MR. KING related that the three components of the fund include
$40 billion in principal funds, about $7 billion in unrealized
gains, and about $17 billion in realized gains that is sitting
in the earnings reserve.
3:41:09 PM
SENATOR REINBOLD said it would helpful to know the mean and if
there are things on the state, national, or international
horizon that may affect the investments in the future. She also
asked him to comment on a presentation that was given this last
weekend that talked about the effect that taking the PFD will
have on the earnings reserve and education funding in the next X
number of years.
MR. KING deferred the first question to next slide. To the
second question, he said when you're talking about the fund
health it's tempting to say the balance is X and forget about
the unrealized gains that will eventually go into the balance of
the earnings reserve. The DOR models calculate the income and
realization and how those realizations move, he said.

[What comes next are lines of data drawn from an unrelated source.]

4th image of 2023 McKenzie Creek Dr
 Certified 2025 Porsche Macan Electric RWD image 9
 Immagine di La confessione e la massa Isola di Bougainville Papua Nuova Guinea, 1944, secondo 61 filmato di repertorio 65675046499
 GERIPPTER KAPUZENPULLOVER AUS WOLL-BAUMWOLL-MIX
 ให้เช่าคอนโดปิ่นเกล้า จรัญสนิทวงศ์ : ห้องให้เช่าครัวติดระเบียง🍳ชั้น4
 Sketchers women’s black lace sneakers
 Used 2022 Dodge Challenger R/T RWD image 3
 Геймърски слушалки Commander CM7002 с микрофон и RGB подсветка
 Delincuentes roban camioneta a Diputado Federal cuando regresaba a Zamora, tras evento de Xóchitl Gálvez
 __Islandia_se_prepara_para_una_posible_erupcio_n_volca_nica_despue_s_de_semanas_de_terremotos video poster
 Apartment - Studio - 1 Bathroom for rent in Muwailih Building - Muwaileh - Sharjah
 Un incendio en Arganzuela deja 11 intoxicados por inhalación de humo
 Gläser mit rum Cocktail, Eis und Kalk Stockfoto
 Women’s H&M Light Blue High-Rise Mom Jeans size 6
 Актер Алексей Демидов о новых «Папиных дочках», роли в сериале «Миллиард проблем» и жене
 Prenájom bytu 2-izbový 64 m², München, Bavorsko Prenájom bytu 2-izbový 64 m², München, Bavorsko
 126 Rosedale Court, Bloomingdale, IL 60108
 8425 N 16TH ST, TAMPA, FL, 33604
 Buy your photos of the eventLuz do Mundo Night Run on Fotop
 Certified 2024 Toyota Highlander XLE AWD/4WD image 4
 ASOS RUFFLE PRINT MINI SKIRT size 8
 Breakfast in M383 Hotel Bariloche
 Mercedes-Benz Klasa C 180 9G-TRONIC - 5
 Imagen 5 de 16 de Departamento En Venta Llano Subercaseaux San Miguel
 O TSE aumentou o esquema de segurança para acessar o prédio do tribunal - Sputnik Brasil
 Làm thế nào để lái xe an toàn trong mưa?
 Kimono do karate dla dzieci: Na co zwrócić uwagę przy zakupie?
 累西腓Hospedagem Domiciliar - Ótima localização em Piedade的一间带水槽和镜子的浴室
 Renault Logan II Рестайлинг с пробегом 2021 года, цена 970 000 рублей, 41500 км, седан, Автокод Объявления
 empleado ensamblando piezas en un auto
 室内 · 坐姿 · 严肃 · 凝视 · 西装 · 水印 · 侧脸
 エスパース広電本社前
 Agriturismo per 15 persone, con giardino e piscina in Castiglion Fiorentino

CHAIR SHOWER asked for a layman's explanation of the way the $4
billion in earnings are calculated.
3:46:23 PM
MR. KING first provided an explanation of different asset
classes and how the different assets generate income, how the
fund transitions between assets, the five-year conversion rate
to roll over an asset, and when unrealized gains are converted
to realized gains. He subsequently explained that about $1.8
billion of the earnings come from income from interest,
dividends, and rents. The rest of the earnings are projected to
be $2.1 billion for a total of just under $4 billion. He noted
that the FY2019 projected earnings will be updated next week and
will reflect the poor stock performance in October and November.
Nevertheless, he still believes the total earnings will be in
the $3 billion to $4 billion range for FY2019.
SENATOR MICCICHE asked him to talk about the billions of dollars
it would cost to sell [the assets with unrealized gains] for a
statutory return.
MR. KING responded that part of portfolio management is to
convert assets and the conversion ratio is normally in the 4-5
year range. He cited the example of buying a house and living in
it for 5 years before cashing out the equity and buying another
house. He asked Senator Micciche to clarify the question.
SENATOR MICCICHE said he was trying to help the public
understand why unrealized gains are beneficial in the long term
for the earnings of the fund.
3:48:54 PM
BRUCE TANGEMAN, Commissioner Designee, Department of Revenue,
Anchorage, responded that the Permanent Fund Corporation is
tasked with growing the permanent fund and providing a certain
amount of liquidity for state government through the Senate Bill
26 POMV (percent of market value) calculation. This gave the
corporation more stability because they know their liquidity
needs and are able to deploy more assets into the market than
the last few years when the POMV was only under debate.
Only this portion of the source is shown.